CNN’s Dana Bash pressed Republican Texas Rep. Dan Crenshaw on passing gun control legislation during Sunday’s “State of the Union” in the aftermath of the Uvalde shooting.
“I think people want to know what is the solution, what would you agree with because the way the answers are coming out now it’s that nothing is gonna change,” Bash said. “And I don’t think people in this community and across the country want to hear that after their babies were being massacred by these guns.”
“I think what needs to change is the things that would have the most immediate and succinct effect and tangible effect on these things and that’s actual security at a school,” Crenshaw replied. He argued that Republicans have attempted to reform gun laws with the Fix NICS and Stop Violence at Schools Acts, which intend to strengthen the background check system and increase resources for security.
“Why not do both?” Bash pressed. “Why are they mutually exclusive? Why can’t you secure schools and other solutions that have to do with access to guns in a way that respects the Second Amendment and its core of what it was meant to be intended as?”
“None of those things are mutually exclusive,” Crenshaw said. “That’s exactly the problem with it because a lot of these policies that the Democrats often propose that are gun control policies, they do two things. One, they infringe on the rights of millions and millions of gun owners, and two, they probably wouldn’t have the outcome that you’re hoping for. So if you’re not going to get the benefit you want, but it’s going to come at great cost, then generally it means it’s not a very good policy.” (RELATED: Even WaPo Is Skeptical About Stricter Gun Laws)
“How can you be so sure?” the host asked.
Crenshaw said the gun ownership and violence rates are unrelated, pointing to New Hampshire and midwestern states that have high gun ownership but low violence.

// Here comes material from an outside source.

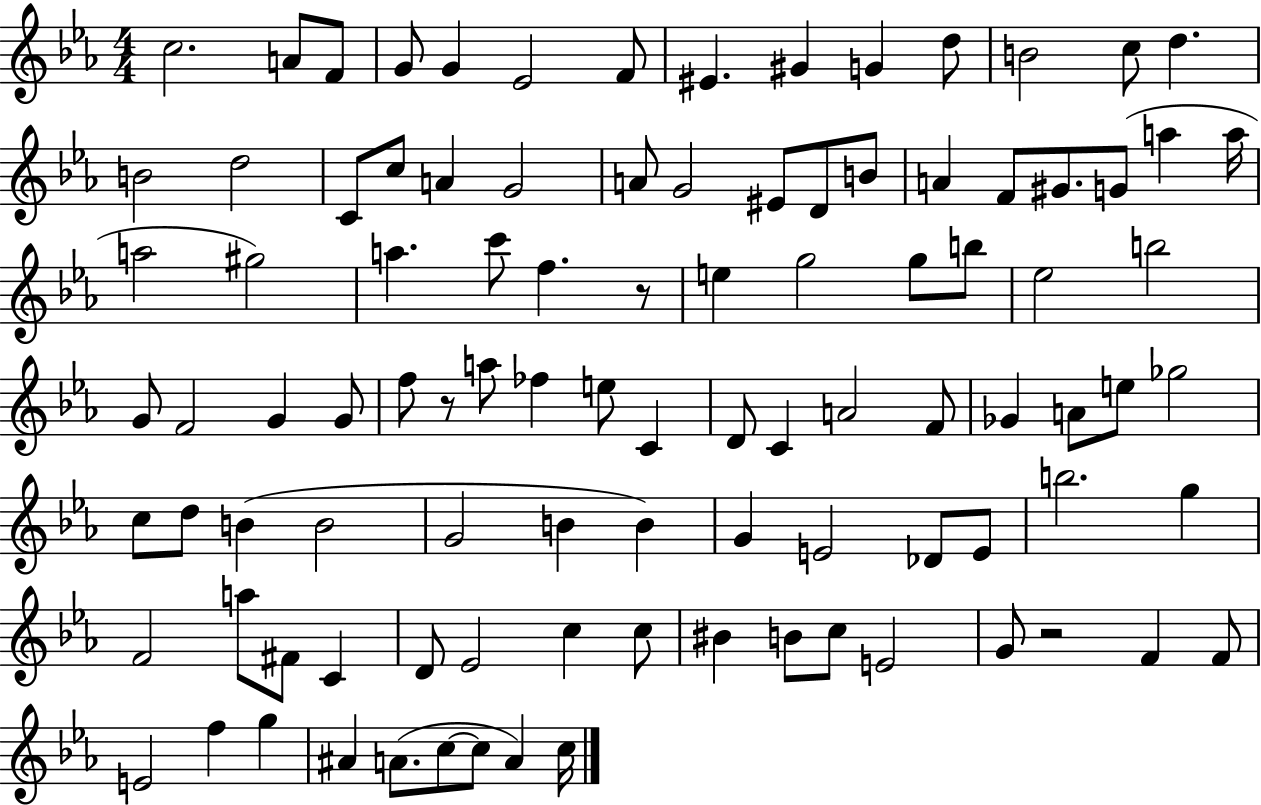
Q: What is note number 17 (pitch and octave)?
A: C4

The Texas representative then cited a 2013 Centers for Disease Control and Prevention (CDC) study finding that every year, nearly 500,000 armed individuals defend themselves and others with a firearm.
“Congressman, it sounds like you’re saying that guns in this country are not a problem, is that what you’re saying? I mean, there are 300 something million people, 400 million guns. You don’t see that as a problem?” Bash asked, appearing to cite data from the Small Arms Survey which found that over 393 million civilians possessed firearms in the U.S.

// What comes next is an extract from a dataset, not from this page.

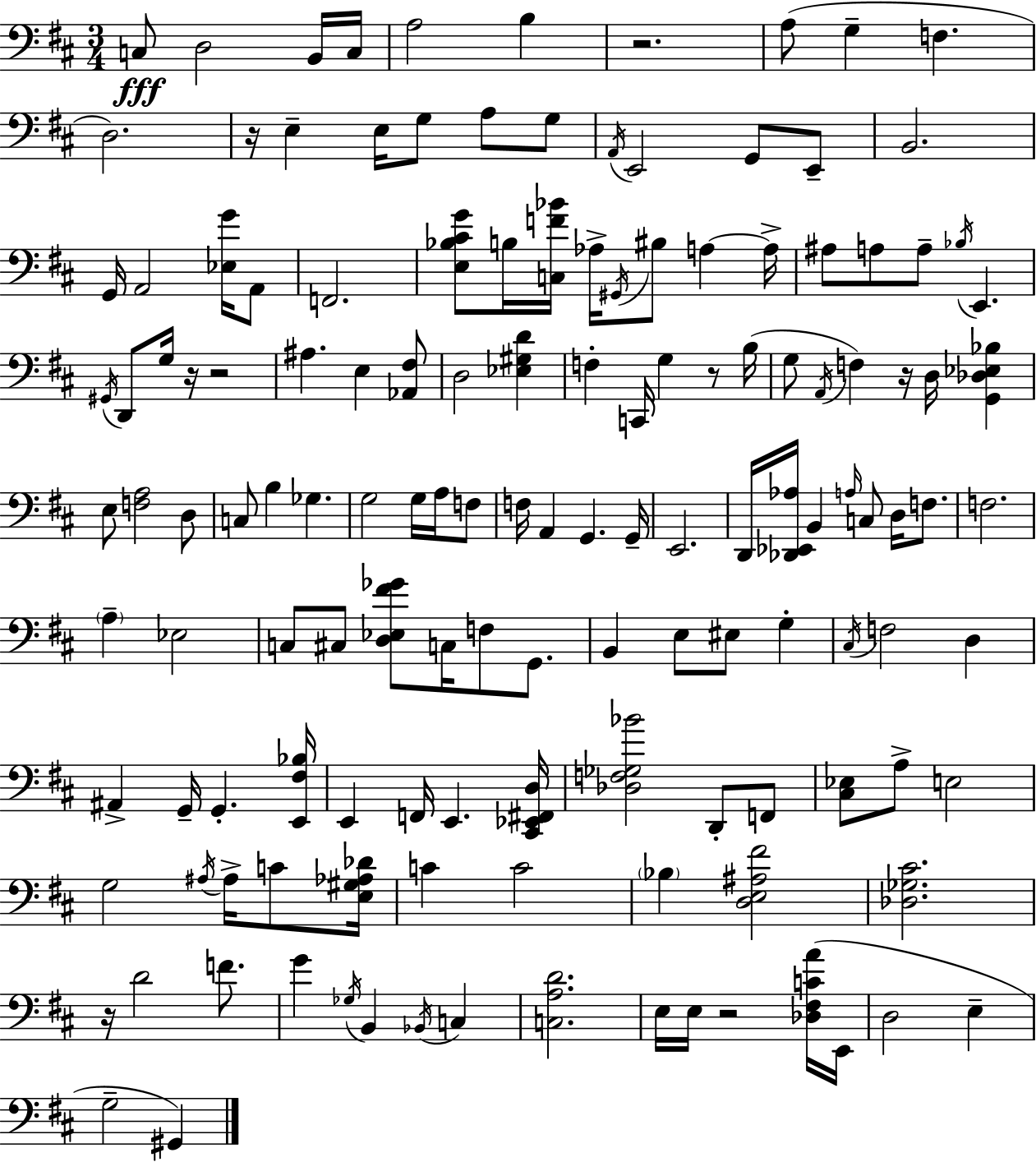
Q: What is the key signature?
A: D major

“No, I think culturally we’re a country that has long had a Second Amendment that believes in the right to self-defense,” the representative replied. “I don’t think it’s a problem that I own guns. And I know that if I destroyed all my guns, it would have zero effect on crime. It would have zero effect on gun homicides because I’m not the person who shoots somebody. I am the person who might protect somebody from being shot.”

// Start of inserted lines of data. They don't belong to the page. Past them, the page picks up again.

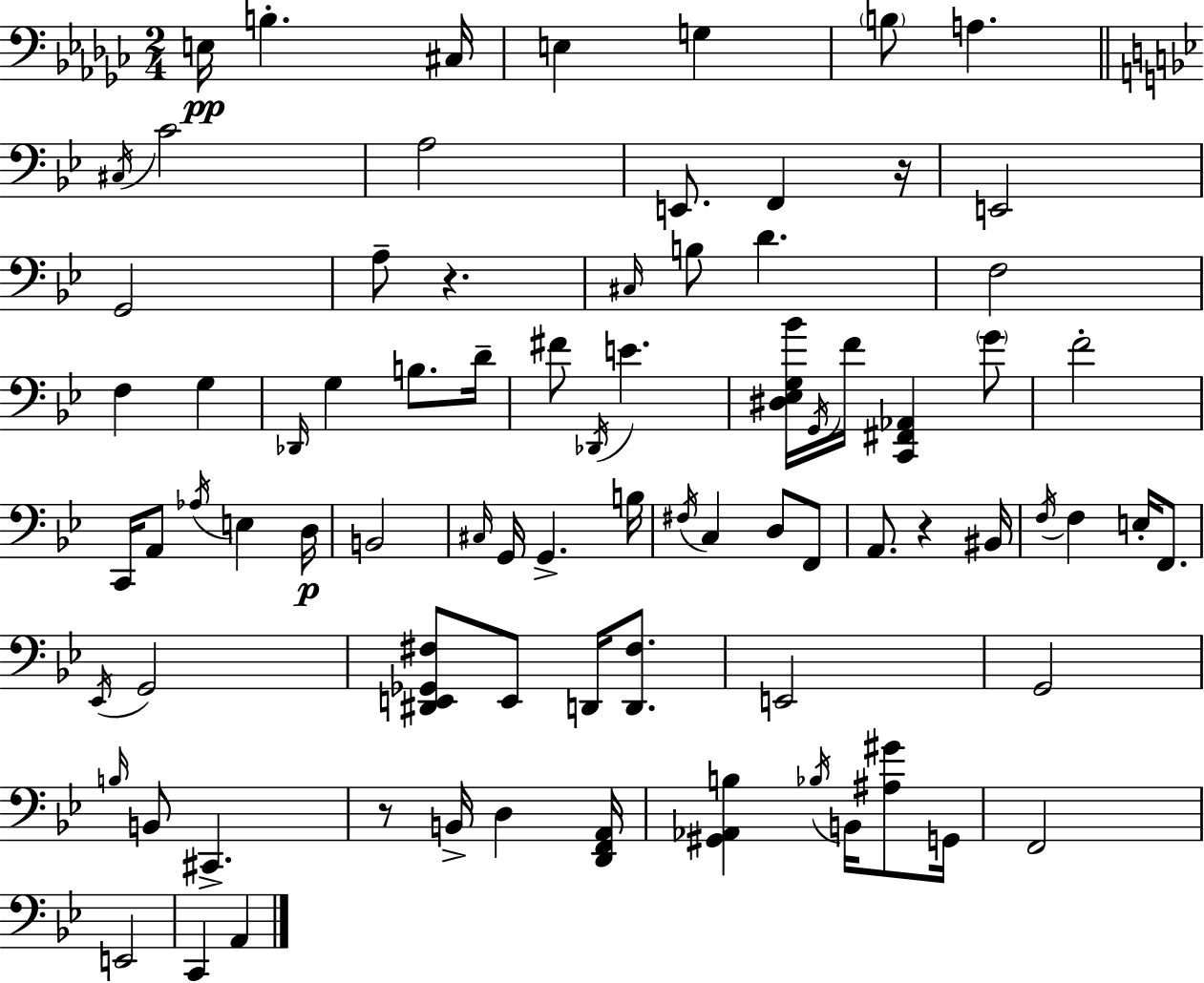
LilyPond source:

{
  \clef bass
  \numericTimeSignature
  \time 2/4
  \key ees \minor
  e16\pp b4.-. cis16 | e4 g4 | \parenthesize b8 a4. | \bar "||" \break \key bes \major \acciaccatura { cis16 } c'2 | a2 | e,8. f,4 | r16 e,2 | \break g,2 | a8-- r4. | \grace { cis16 } b8 d'4. | f2 | \break f4 g4 | \grace { des,16 } g4 b8. | d'16-- fis'8 \acciaccatura { des,16 } e'4. | <dis ees g bes'>16 \acciaccatura { g,16 } f'16 <c, fis, aes,>4 | \break \parenthesize g'8 f'2-. | c,16 a,8 | \acciaccatura { aes16 } e4 d16\p b,2 | \grace { cis16 } g,16 | \break g,4.-> b16 \acciaccatura { fis16 } | c4 d8 f,8 | a,8. r4 bis,16 | \acciaccatura { f16 } f4 e16-. f,8. | \break \acciaccatura { ees,16 } g,2 | <dis, e, ges, fis>8 e,8 d,16 <d, fis>8. | e,2 | g,2 | \break \grace { b16 } b,8 cis,4.-> | r8 b,16-> d4 | <d, f, a,>16 <gis, aes, b>4 \acciaccatura { bes16 } | b,16 <ais gis'>8 g,16 f,2 | \break e,2 | c,4 | a,4 \bar "|."
}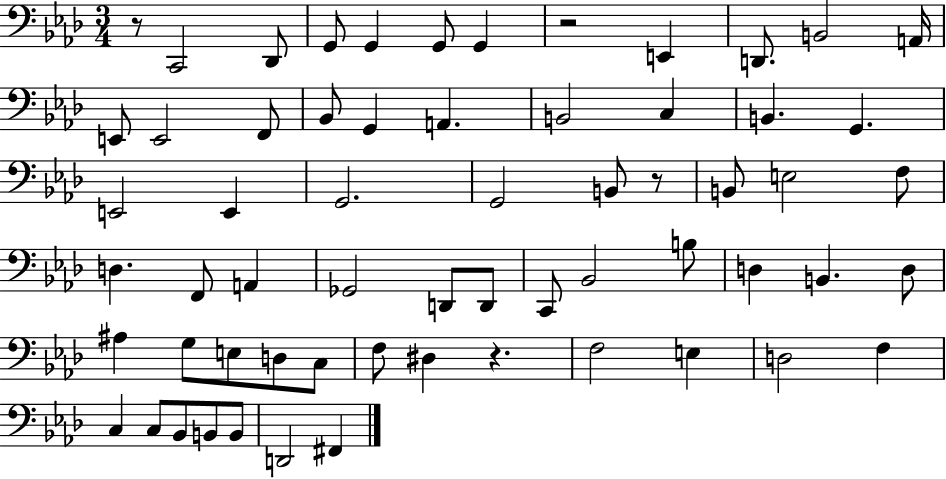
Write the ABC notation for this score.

X:1
T:Untitled
M:3/4
L:1/4
K:Ab
z/2 C,,2 _D,,/2 G,,/2 G,, G,,/2 G,, z2 E,, D,,/2 B,,2 A,,/4 E,,/2 E,,2 F,,/2 _B,,/2 G,, A,, B,,2 C, B,, G,, E,,2 E,, G,,2 G,,2 B,,/2 z/2 B,,/2 E,2 F,/2 D, F,,/2 A,, _G,,2 D,,/2 D,,/2 C,,/2 _B,,2 B,/2 D, B,, D,/2 ^A, G,/2 E,/2 D,/2 C,/2 F,/2 ^D, z F,2 E, D,2 F, C, C,/2 _B,,/2 B,,/2 B,,/2 D,,2 ^F,,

Bash mentioned the 19 armed police officers who waited nearly an hour before breaching the classroom inside Robb Elementary School where the gunman, Salvador Ramos, barricaded the door for 30-60 minutes.
She then pointed to the text of the Second Amendment, asking Crenshaw if the Founding Fathers intended for “weapons of war” to be used “to massacre children.” The representative said the Second Amendment protects the individual right to own a firearm and to form a well-regulated militia. He then said the so-called “weapons of war” are used to defend oneself.
“They’re more of a self-defense weapon. I would say if a SEAL team or an infantry unit goes on offense, they’re using much, much bigger weapons that are not available to your common civilian,” the representative said. “We use our M-4s, which is an AR-style weapon, mostly for self-defense and for very close quarters type of combat.”